BEIJING — On one of his many visits abroad in recent years, Xi Jinping, the presumptive new leader of China, met in 2009 with local Chinese residents in Mexico City, where in a relaxed atmosphere he indirectly criticized the United States.
“There are a few foreigners, with full bellies, who have nothing better to do than try to point fingers at our country,” Mr. Xi said, according to a tape broadcast on Hong Kong television. “China does not export revolution, hunger, poverty nor does China cause you any headaches. Just what else do you want?”

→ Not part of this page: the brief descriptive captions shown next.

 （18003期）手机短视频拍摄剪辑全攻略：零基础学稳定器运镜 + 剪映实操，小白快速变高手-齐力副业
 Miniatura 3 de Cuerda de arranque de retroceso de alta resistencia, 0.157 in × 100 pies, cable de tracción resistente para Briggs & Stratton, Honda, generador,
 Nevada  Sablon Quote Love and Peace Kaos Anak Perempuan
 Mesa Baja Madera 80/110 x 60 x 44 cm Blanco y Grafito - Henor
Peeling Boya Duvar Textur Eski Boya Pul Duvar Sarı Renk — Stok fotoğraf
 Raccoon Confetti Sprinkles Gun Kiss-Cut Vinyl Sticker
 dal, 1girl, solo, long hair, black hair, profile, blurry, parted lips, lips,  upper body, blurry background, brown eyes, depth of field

Mr. Xi is set to be elevated to the top post of the Chinese Communist Party at the 18th Party Congress scheduled to begin here on Nov. 8 — only two days after the American election. He will take the helm of a more confident China than the United States has ever known. He will be assuming supreme power in China at a time when relations between the two countries are adrift, sullied by suspicions over a clash of interests in Asia and by frequent attacks on China in the American presidential campaign.
In the last four months, China has forged an aggressive, more nationalistic posture in Asia that may set the tone for Mr. Xi’s expected decade-long tenure, analysts and diplomats say, pushing against American allies, particularly Japan, for what China considers its territorial imperatives. The son of a revolutionary general, Mr. Xi, 59, boasts far closer ties to China’s fast-growing military than the departing leader, Hu Jintao, had when he took office. As Mr. Xi rose through the ranks of the Communist Party, he made the most of parallel posts in the People’s Liberation Army, deeply familiarizing himself with the inner workings of the armed forces.
Even if Mr. Xi does not immediately become head of the crucial Central Military Commission as well as party leader, he will almost certainly do so within two years, giving him at least eight years as the direct overseer of the military.